| What is being asked |
Your job here is to restate every record exactly, pictures excluded.

Crawled caption data
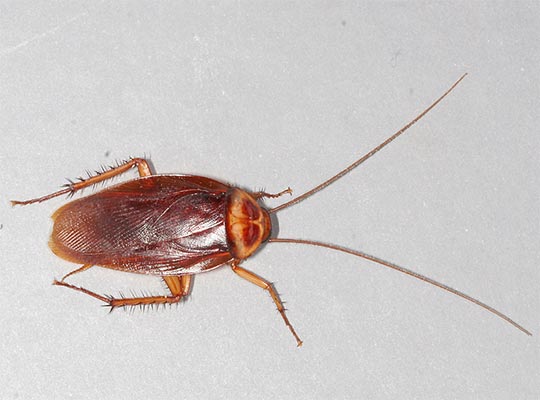Cockroaches (bath beetles)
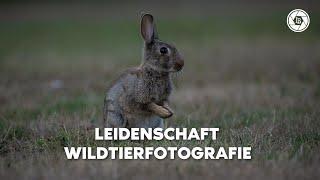 Zwischen Kunst und Verantwortung Leidenschaft Wildtierfotografie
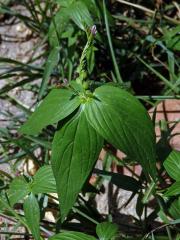 Kalanka lékařská (Spigelia anthelmia L.)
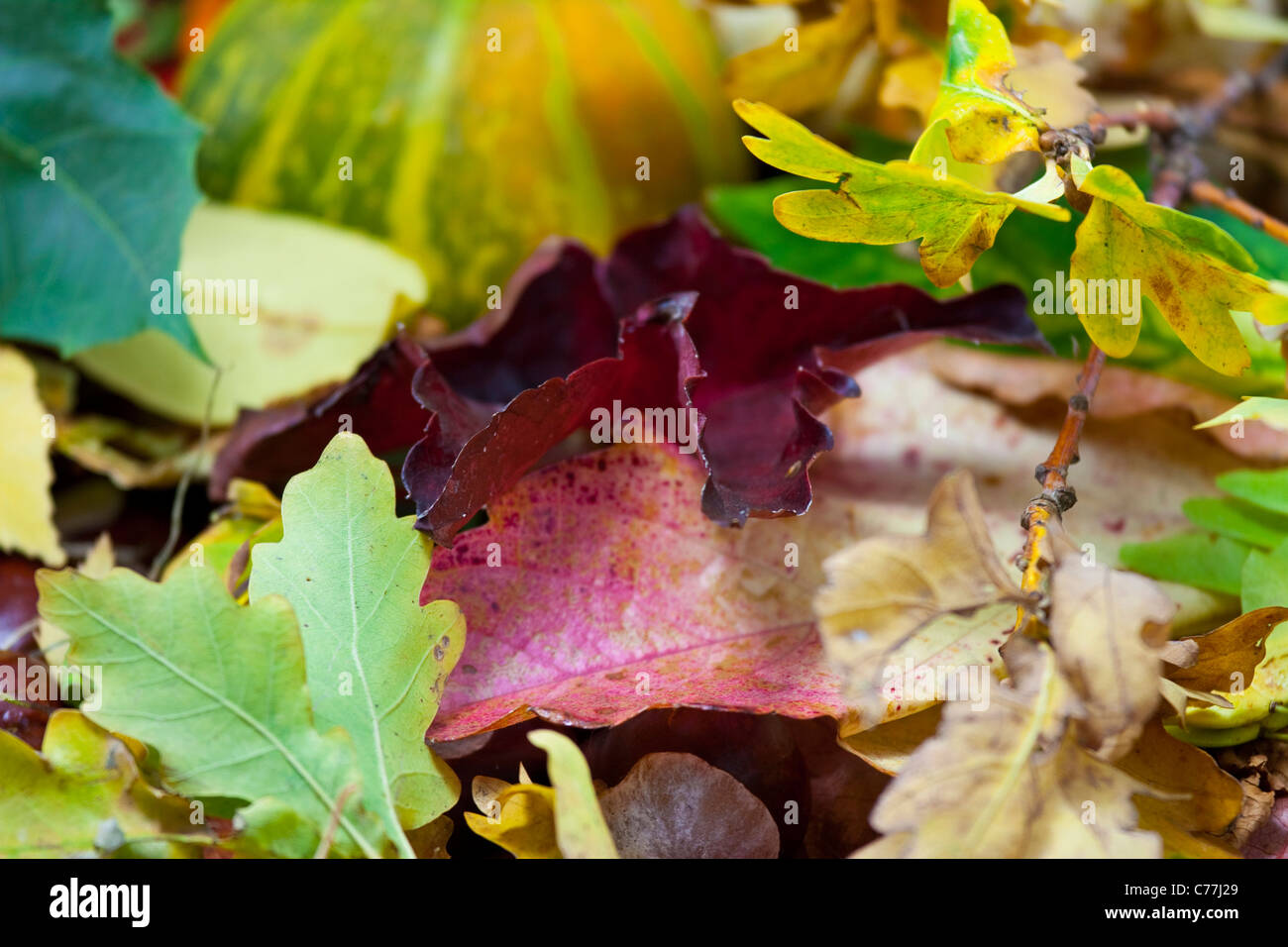 autumn leaves of different shades and colours Stock Photo - Alamy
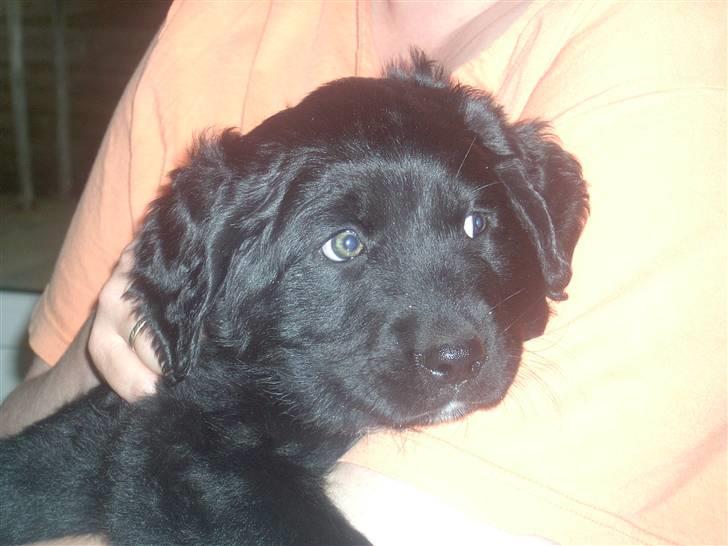 Blanding af racer Freud - Sove i mors arme som hvalp :) billede 12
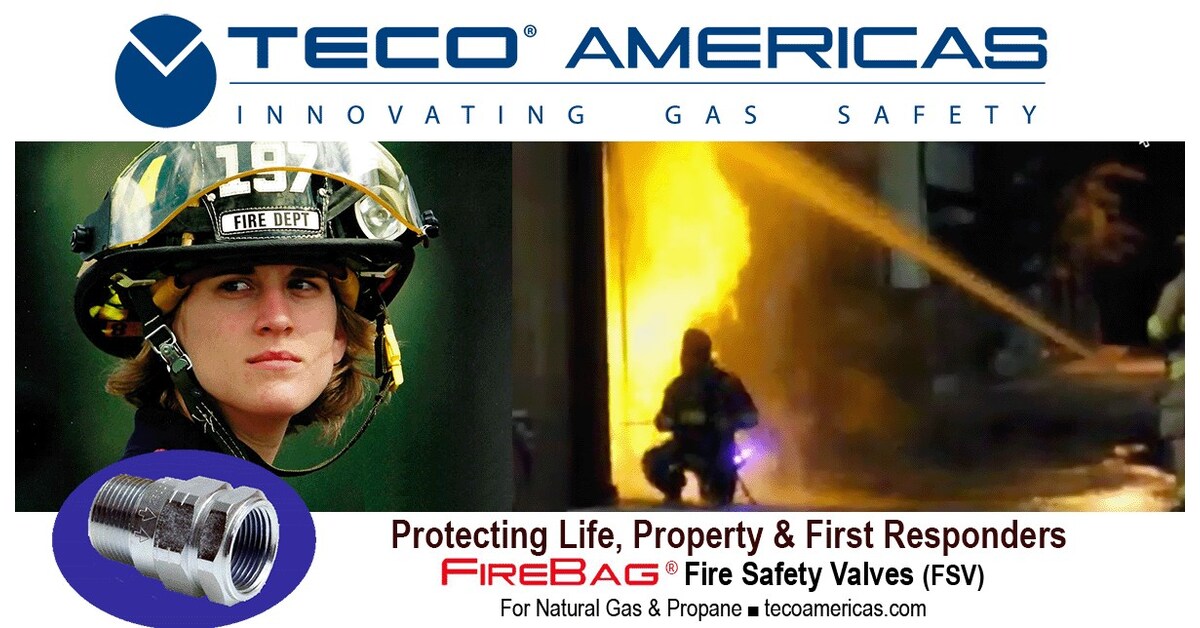 TECO® Americas Expands Southeast Distribution Network Through Strategic Partnership with Ed Young Sales Company TECO® Americas Expands Southeast Distribution Network Through Strategic Partnership with Ed Young Sales Company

| Finished task |
Cockroaches (bath beetles)
 Zwischen Kunst und Verantwortung Leidenschaft Wildtierfotografie
 Kalanka lékařská (Spigelia anthelmia L.)
 autumn leaves of different shades and colours Stock Photo - Alamy
 Blanding af racer Freud - Sove i mors arme som hvalp :) billede 12
 TECO® Americas Expands Southeast Distribution Network Through Strategic Partnership with Ed Young Sales Company TECO® Americas Expands Southeast Distribution Network Through Strategic Partnership with Ed Young Sales Company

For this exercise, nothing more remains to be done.